- _Work task_:
In the listing that follows, find the line with "凤仙花的种植方法 凤仙花的种植方法「凤仙花的危害」 生活", then copy exactly from it through the line with "暫停播種機 暫停播種機 126178670", leaving out every picture.

- _Given entries_:
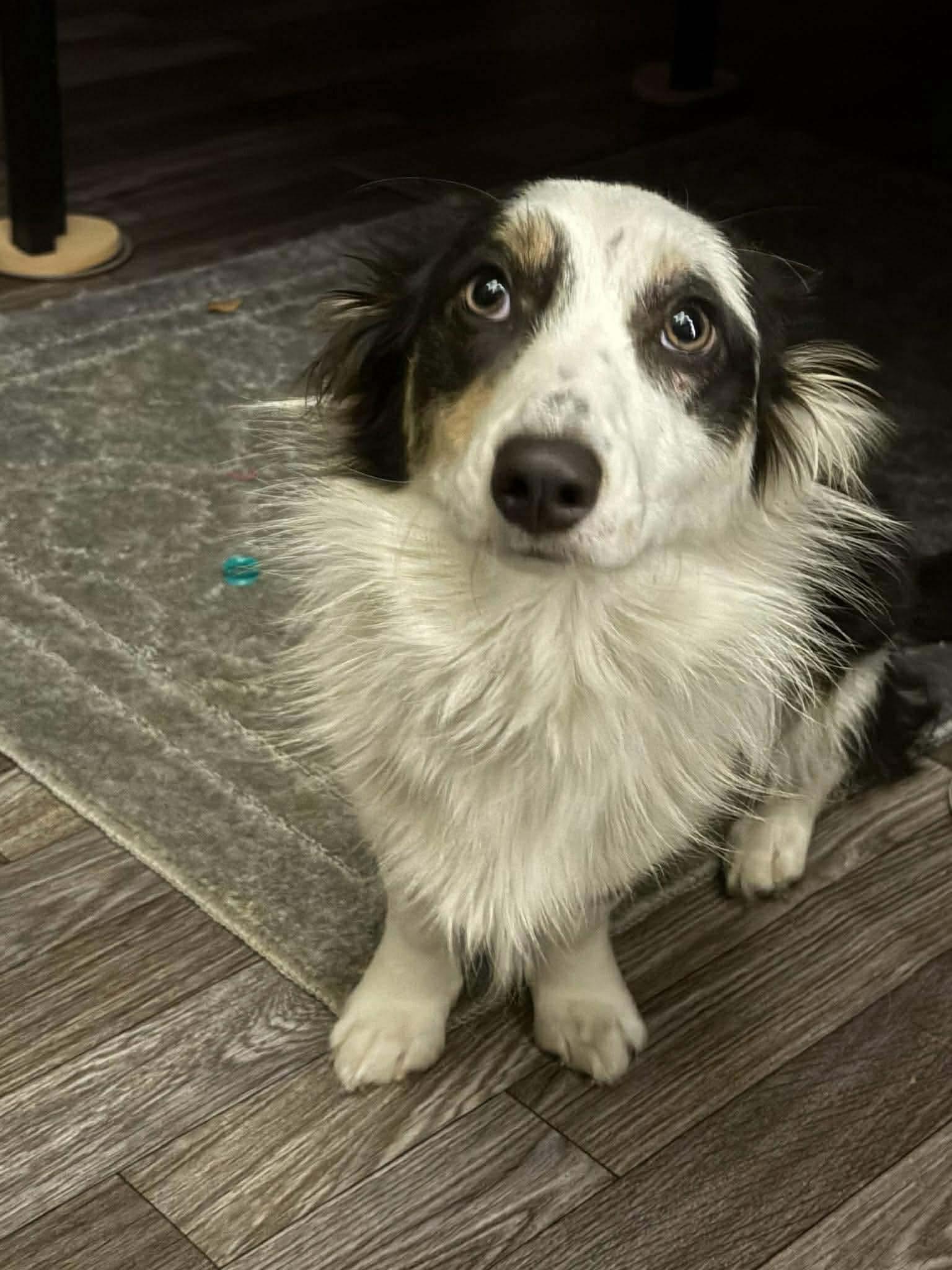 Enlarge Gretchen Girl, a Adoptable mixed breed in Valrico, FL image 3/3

* * *

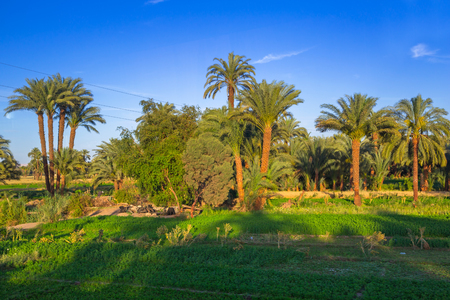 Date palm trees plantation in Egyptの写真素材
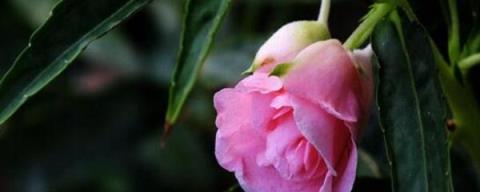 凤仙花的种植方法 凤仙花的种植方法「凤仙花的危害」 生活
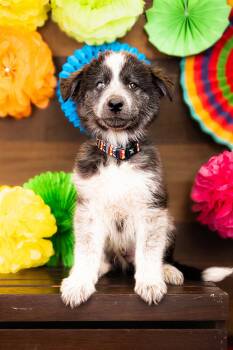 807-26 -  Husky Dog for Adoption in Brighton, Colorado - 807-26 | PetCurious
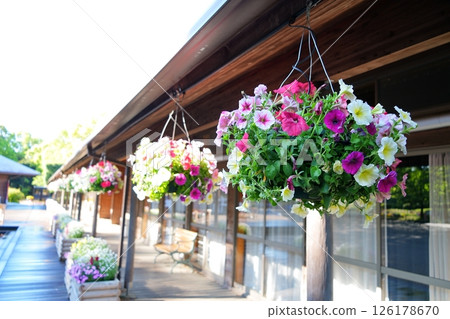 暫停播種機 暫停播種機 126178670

- _Written response_:
 凤仙花的种植方法 凤仙花的种植方法「凤仙花的危害」 生活
 807-26 -  Husky Dog for Adoption in Brighton, Colorado - 807-26 | PetCurious
 暫停播種機 暫停播種機 126178670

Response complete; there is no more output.